The Camera Collection
A majority of cameras have a lens positioned in front of the camera’s opening to gather the incoming light and focus all or part of the image on the recording surface.
A camera is a device that records images that can be stored directly, transmitted to another location, or both. These images may be still photographs or moving images such as videos or movies. The term camera comes from the word camera obscura (Latin for “dark chamber”), an early mechanism for projecting images. The modern camera evolved from the camera obscura.
Cameras may work with the light of the visible spectrum or with other portions of the electromagnetic spectrum. A camera generally consists of an enclosed hollow with an opening (aperture) at one end for light to enter, and a recording or viewing surface for capturing the light at the other end.
A majority of cameras have a lens positioned in front of the camera’s opening to gather the incoming light and focus all or part of the image on the recording surface. The diameter of the aperture is often controlled by a diaphragm mechanism, but some cameras have a fixed-size aperture.

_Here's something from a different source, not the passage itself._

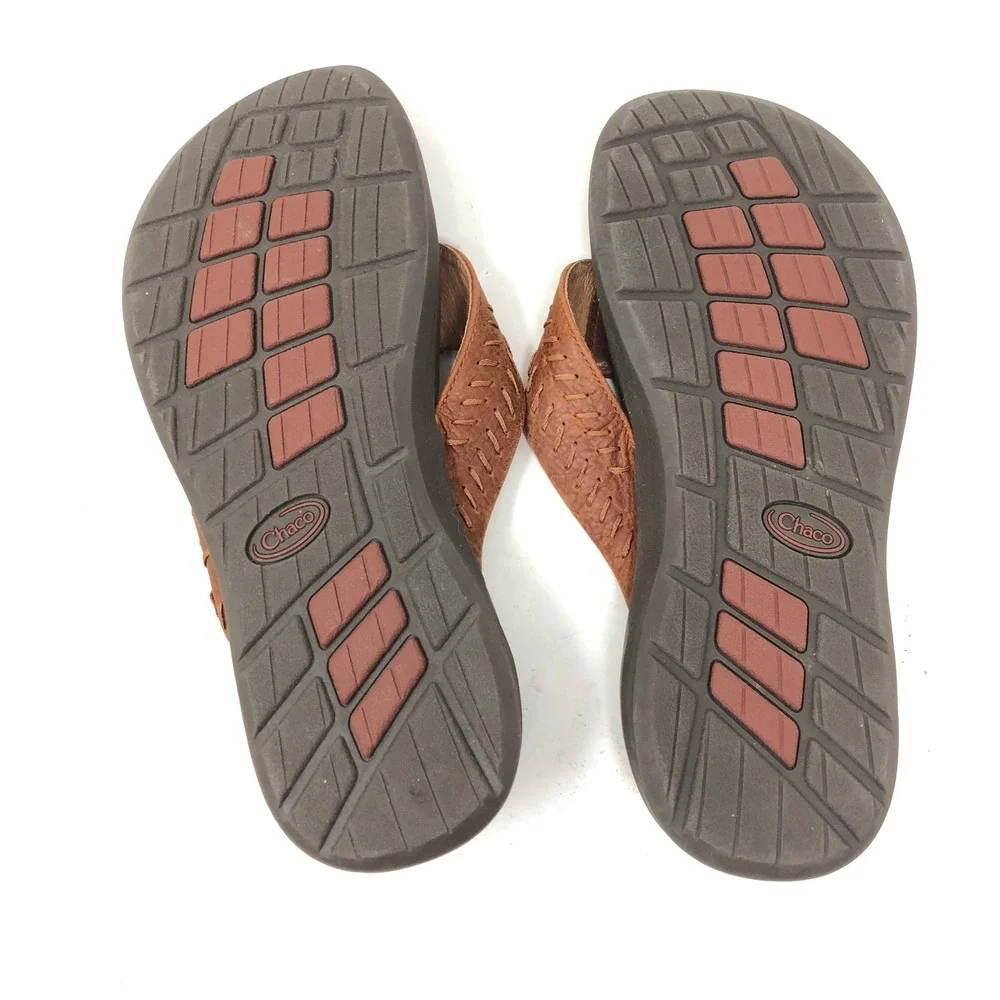 Chaco Mens 9 Sandals Brown Leather Woven Thong Jackson Flip Flops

Most cameras use an electronic image sensor to store photographs on flash memory. Other cameras, particularly the majority of cameras from the 20th century, use photographic film.
A typical still camera takes one photo each time the user presses the shutter button (except in continuous-fire mode). A typical movie camera continuously takes 24 film frames per second as long as the user holds down the shutter button, or until the shutter button is pressed a second time.